Europe Still Needs the Migrants
Last week’s terrorist attacks in Paris are likely to compound Europe’s deep divisions over how to respond to its refugee and migrant crisis. But calls for a new “Fortress Europe” risk making it harder than ever to convey the economic case for integrating more newcomers into the EU’s workforce.
BRUSSELS – Last week’s terrorist attacks in Paris are likely to compound Europe’s deep divisions over how to respond to its refugee and migrant crisis, particularly given reports that one of the perpetrators arrived amid the ongoing influx. But calls for the reintroduction of border controls and a new “Fortress Europe” risk giving Europe’s demagogues the lead and making it harder than ever to convince people of the need to integrate more newcomers into the European Union’s workforce.

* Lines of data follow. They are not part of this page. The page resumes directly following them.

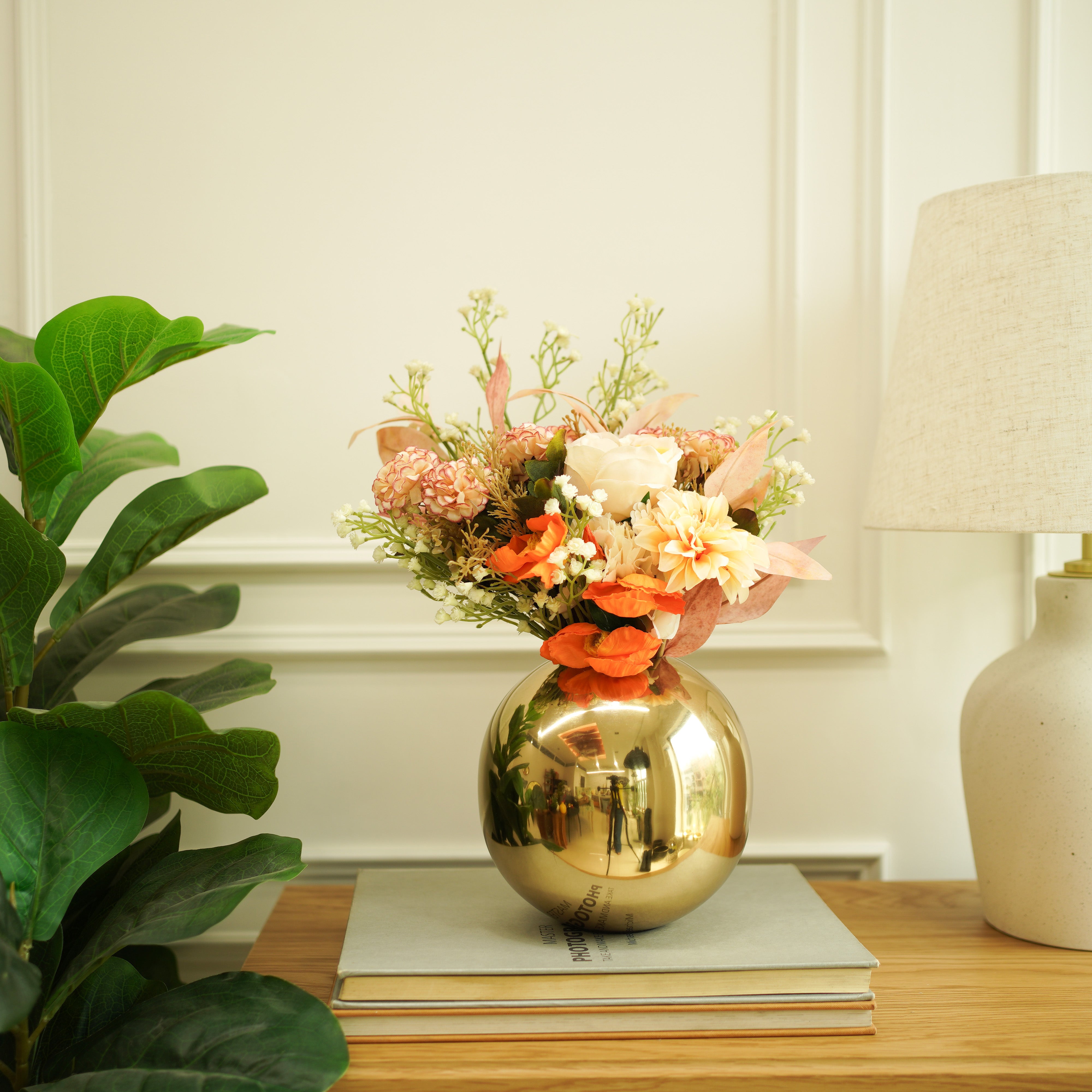 Metal Ball Flower Vase | Gold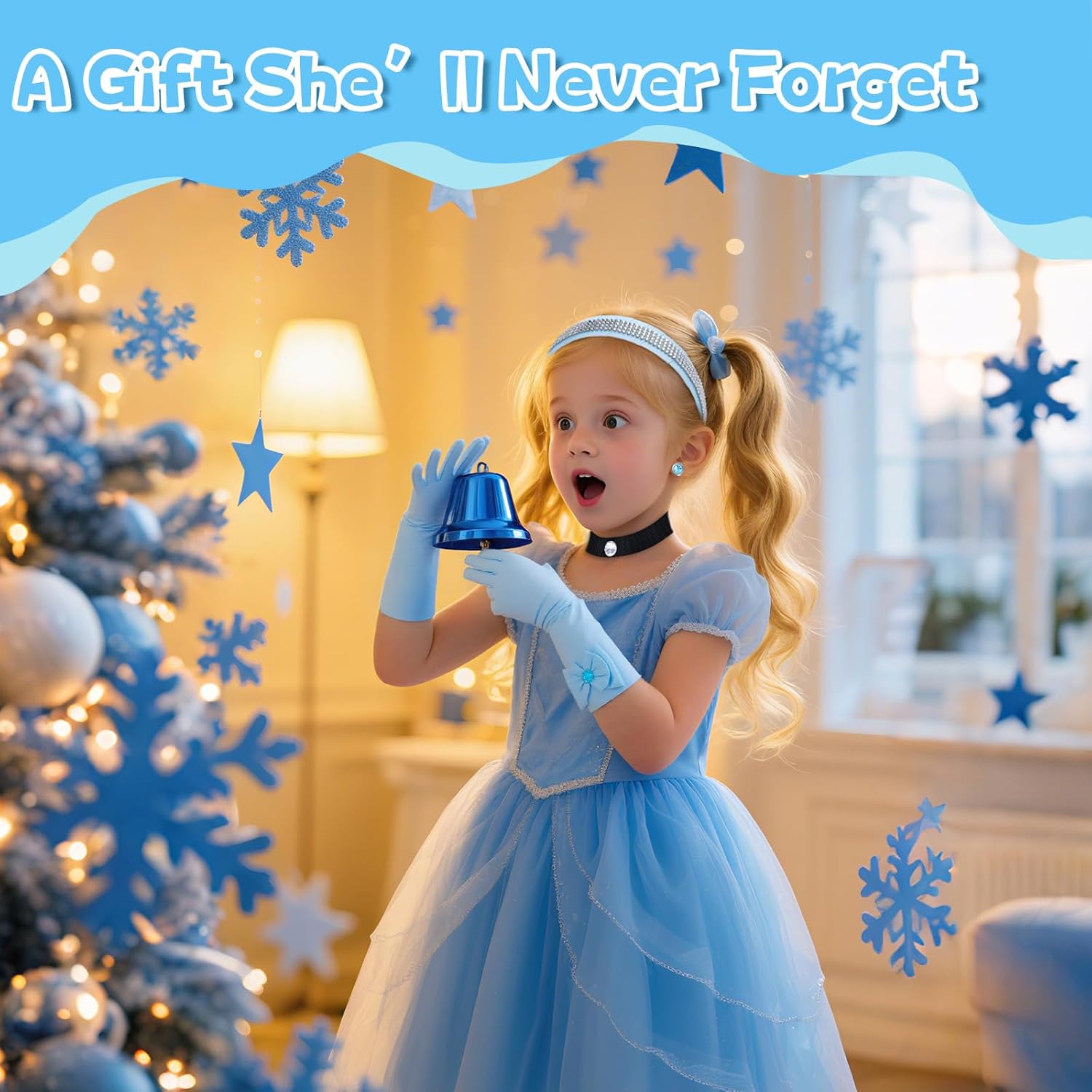 Cinderella Accessories for Girls - 4 PCS Rhinestone Crown, Headband, Choker Necklace, Gloves & Earrings for Dress-Up, Birthday Parties, Halloween & Cosplay (Blue) - Image 10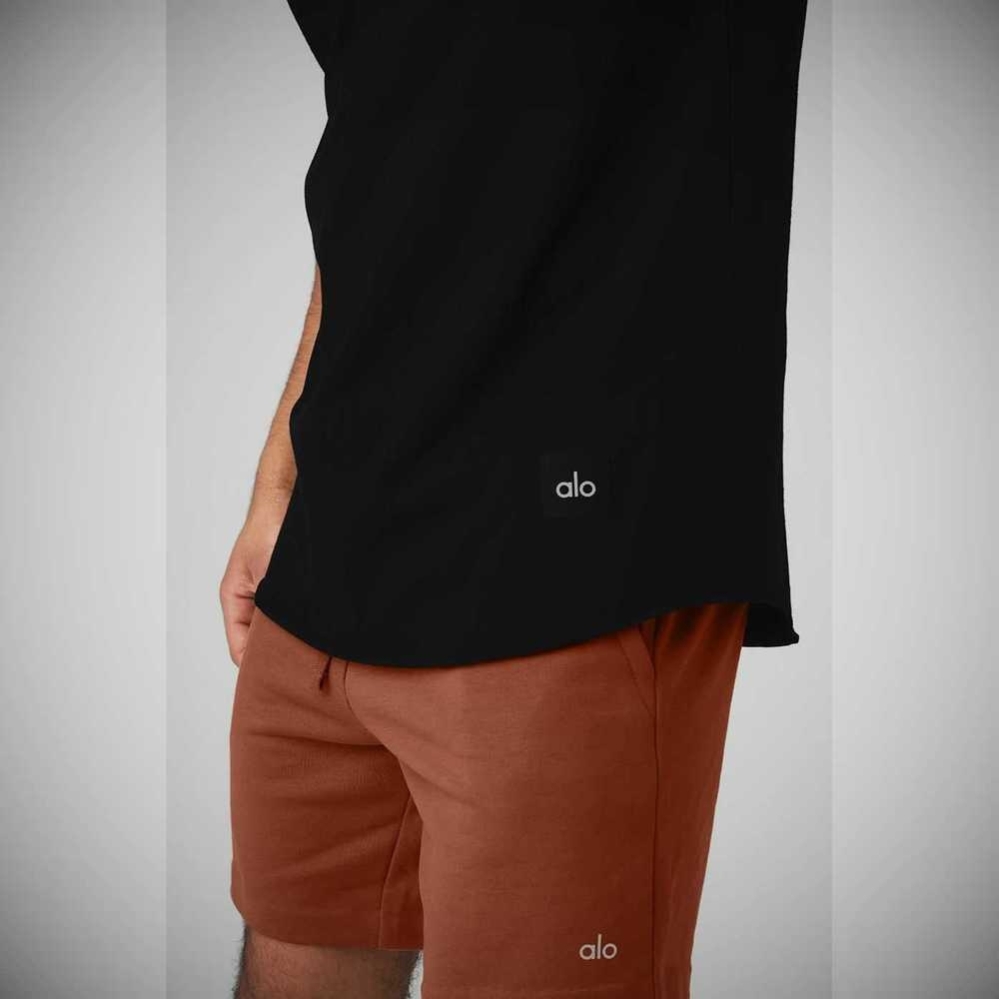 Short Sleeve Alo Yoga Society Crewneck Tee Hombre Negros | MX-68LFZX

The climate of fear that the attacks have created threatens to obscure a key statistic: unless EU countries open their doors wider to immigration, the current ratio of four working-age people for every pensioner will fall to 2:1 by mid-century, if not earlier. Pension and social security systems are already under severe strain.
Nobody denies that this year’s wave of migration is overwhelming some EU countries, and that solidarity among them is crumbling. But the truth is that the European economy badly needs the young people pouring across its frontiers from the greater Middle East and Africa.